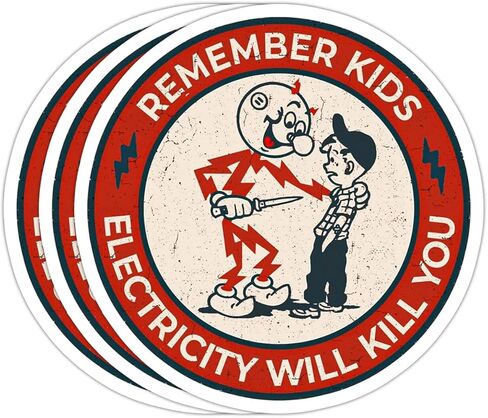 6 قطع / حزمة جيتيز تذكر الأطفال الكهرباء سوف تقتل يو، ملصق تحذير ريدي كيلوات تحذير ملصق مضحك ملصقات ديكال للكهربائيين قبعة الكمبيوتر المحمول زجاجة ماء سيارة حزمة خوذة in Kuwait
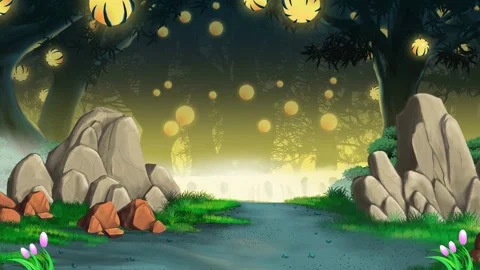 Animated Cartoon Scene of Glowing Forest and Mist Stock Footage 278340892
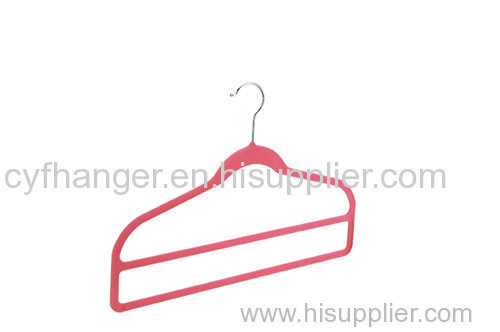 ABS plastic pink velvet 2-bar trousers hanger space saver non-slip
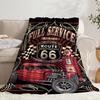 Retro Pattern of Route 66 Flannel Printed Blanket Suitable for All Seasons Suitable for Living Room Office Sofa and Travel
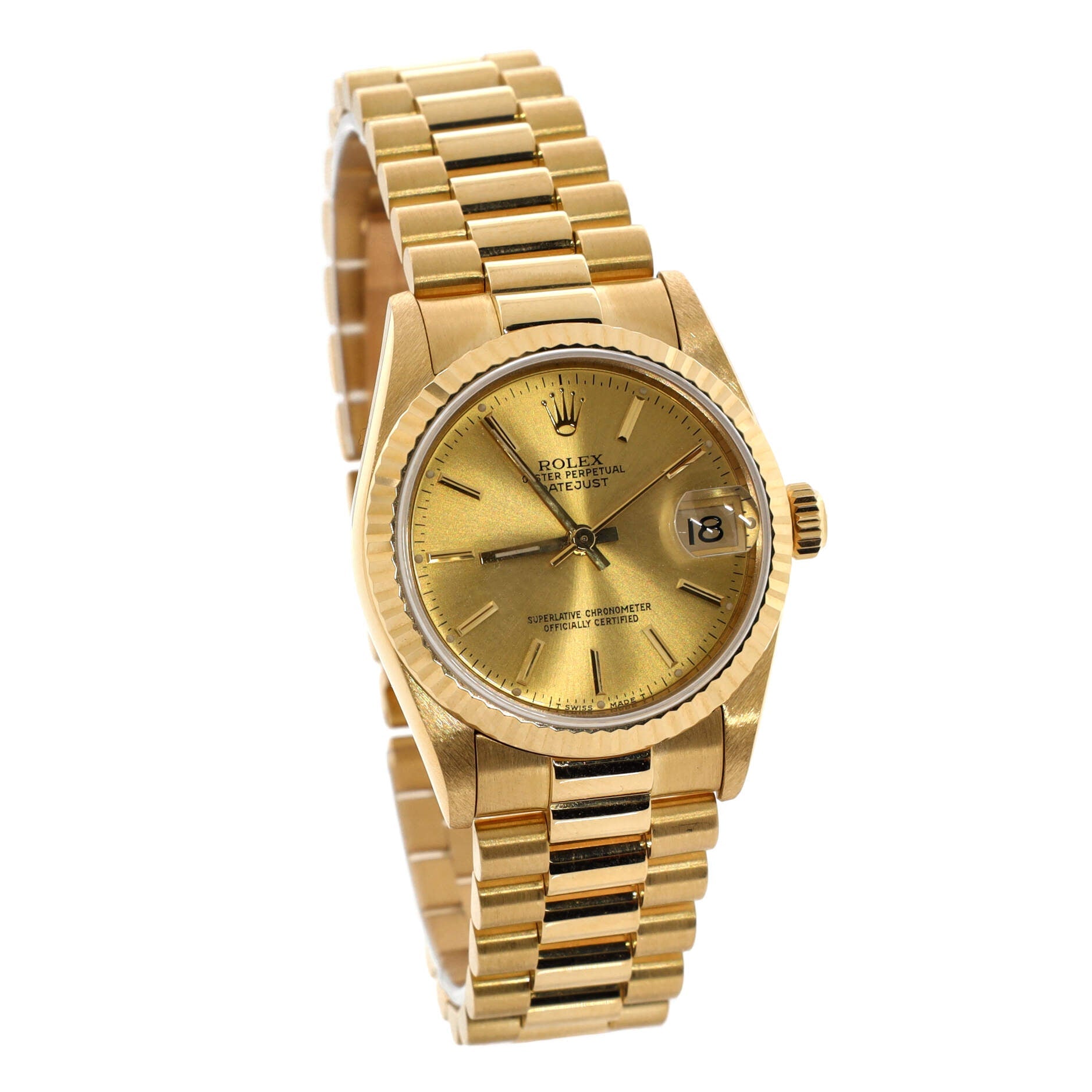 Oyster Perpetual President Datejust Automatic Watch Yellow Gold 31
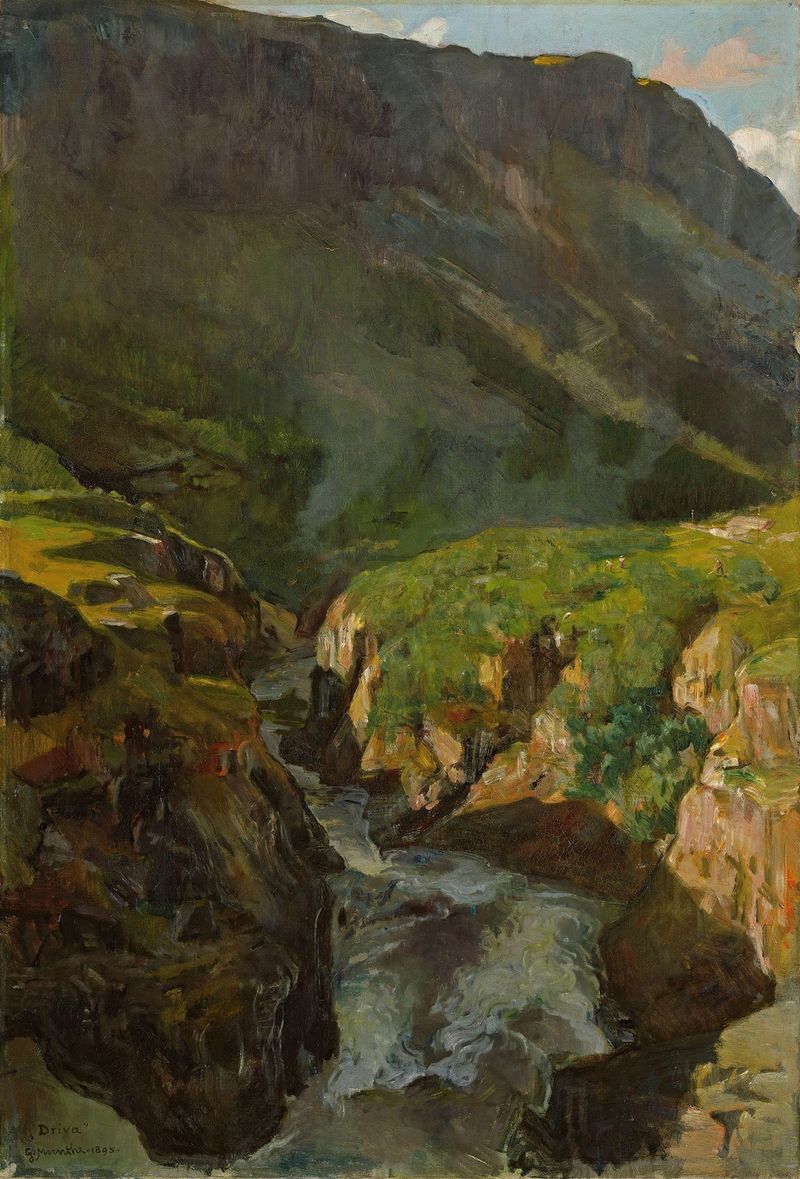 The River Driva, oil painting by Gerhard Munthe, depicting a serene river landscape.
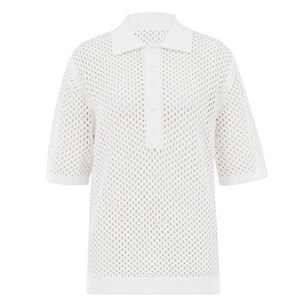 Crochet Netting Short Sleeve Slim Polo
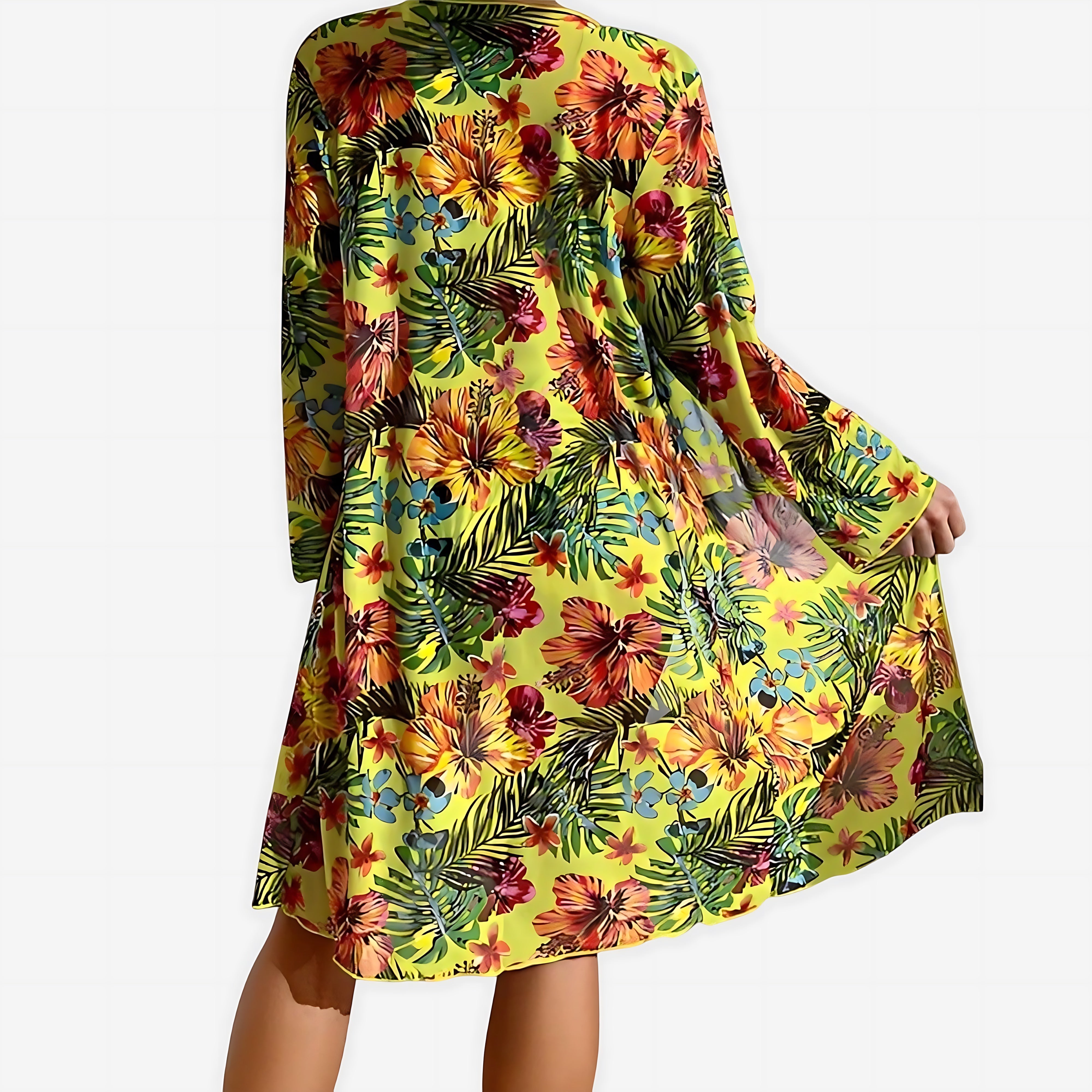 Andrea – Tropical Print Bikini and Kimono Cover Up Set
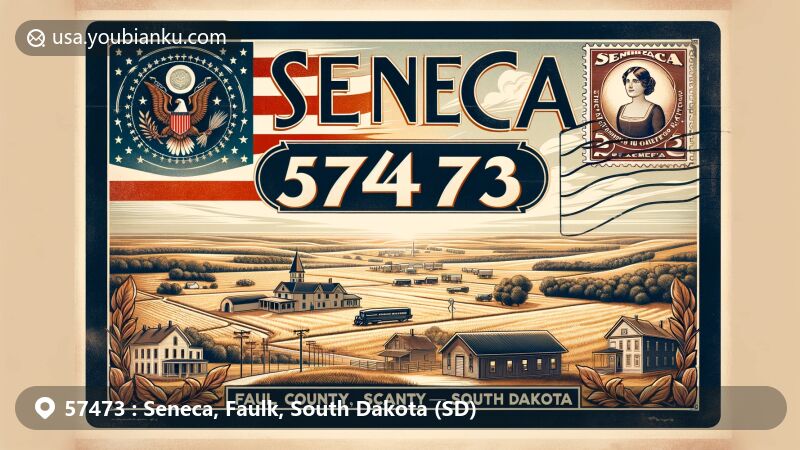 Vintage illustration of Seneca, Faulk County, South Dakota, portraying airmail envelope with ZIP code 57473, showcasing landmarks, state flag, rural landscape, post office, vintage stamp of Judith Evelyn, and classic font for the ZIP code.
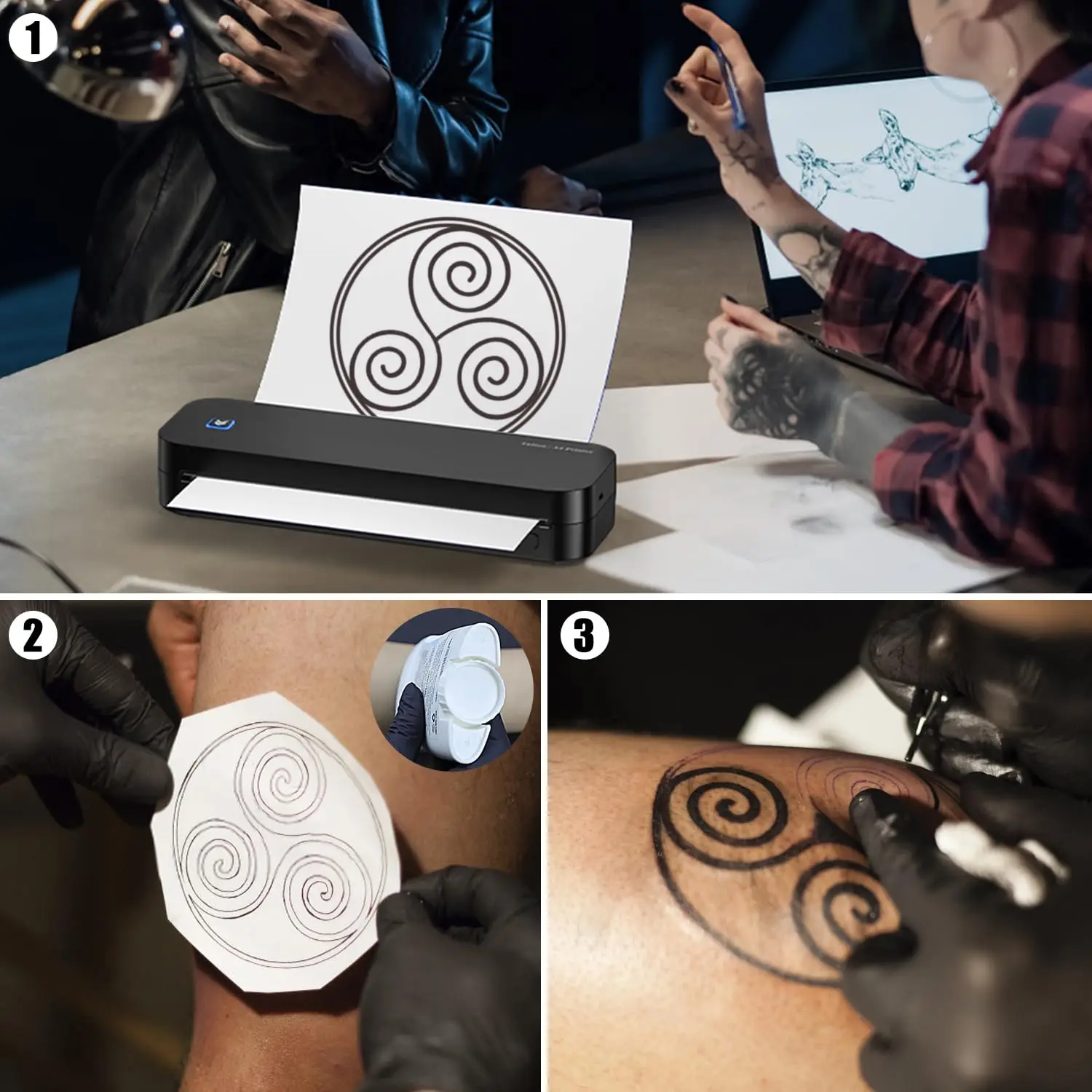 D80 Wireless Bluetooth Tattoo Printer Tattoo Artist & Beginners Stencil Transfer Thermal Printer Compatible with Smartphone & PC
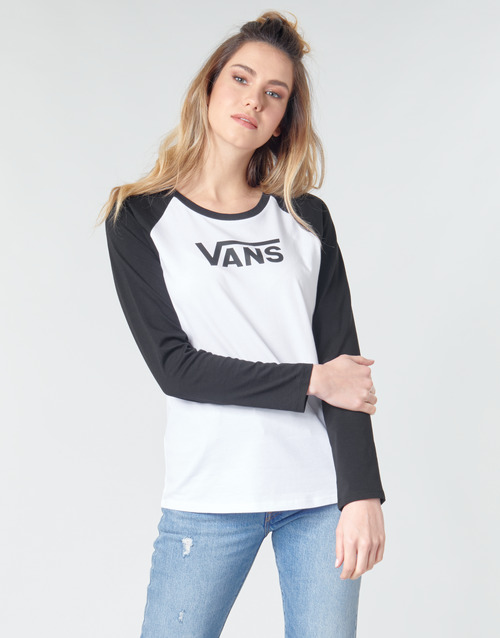 Vans - FLYING V LS RAGLAN - Blanc / Noir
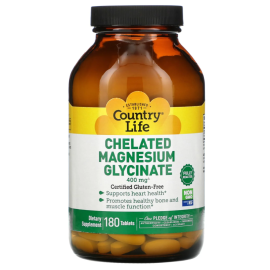 Country Life Chelated Magnesium Glycinate 400 mg 180 Tablets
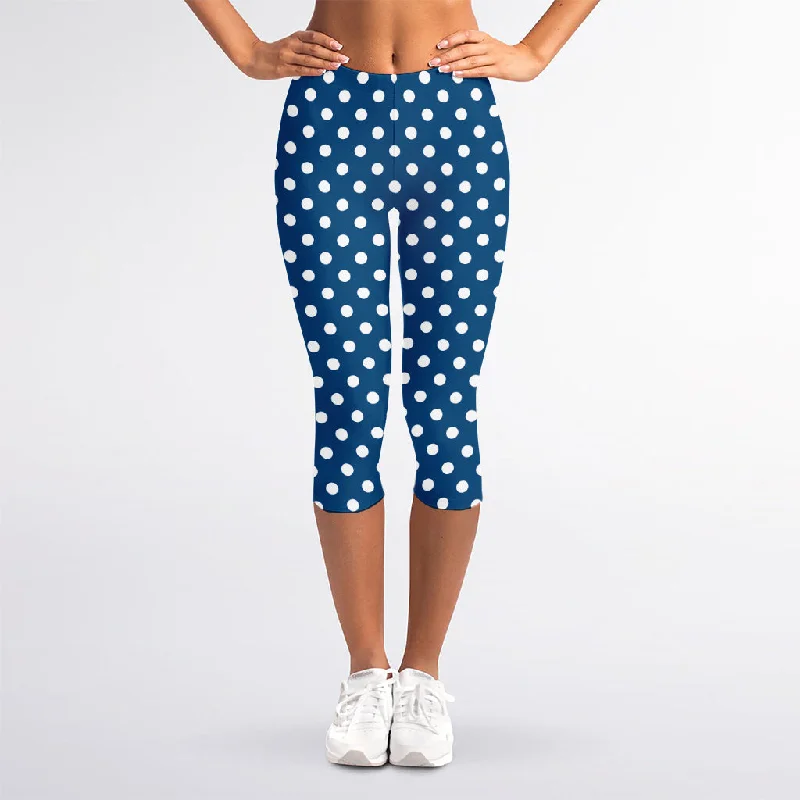 Navy And White Polka Dot Pattern Print Women's Capri Leggings Fashionable Quick-Dry Yoga Pants Navy And White Polka Dot Pattern Print Women's Capri Leggings Fashionable Quick-Dry Yoga Pants
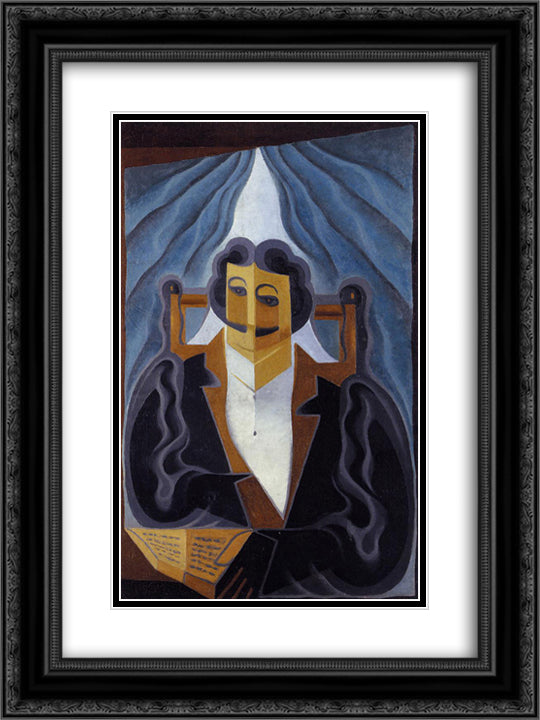 Portrait of a Man 18x24 Black Ornate Wood Framed Art Print Poster with Double Matting by Gris, Juan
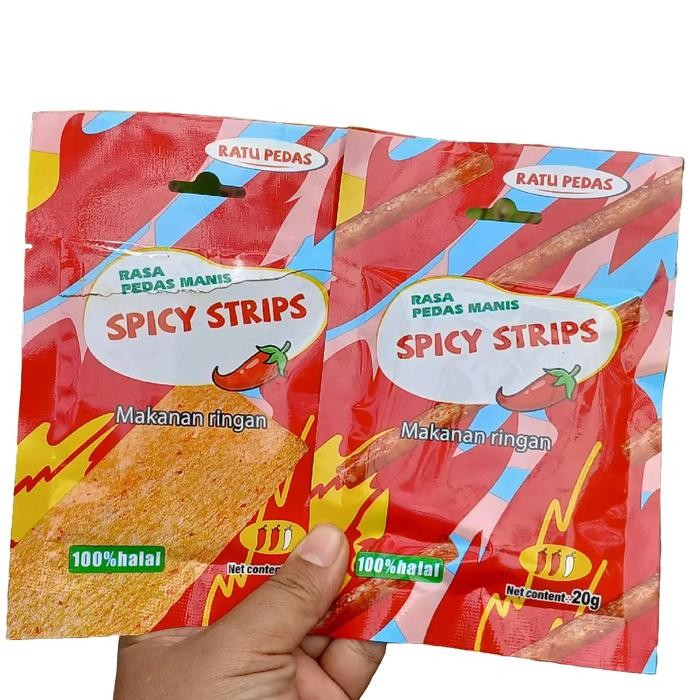 Latiau Isi 20 Bungkus Spicy Strips Ratu Pedas Kemasan 20 Gram - Food, Keripik, Kripik, Snack,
::::::
• [About this exercise] From the line containing "Portrait of a" down to the last line of the data, print every line exactly and nothing else. Pictures stay out of the copy.

• [Answer to the problem]
 Portrait of a Man 18x24 Black Ornate Wood Framed Art Print Poster with Double Matting by Gris, Juan
 Latiau Isi 20 Bungkus Spicy Strips Ratu Pedas Kemasan 20 Gram - Food, Keripik, Kripik, Snack,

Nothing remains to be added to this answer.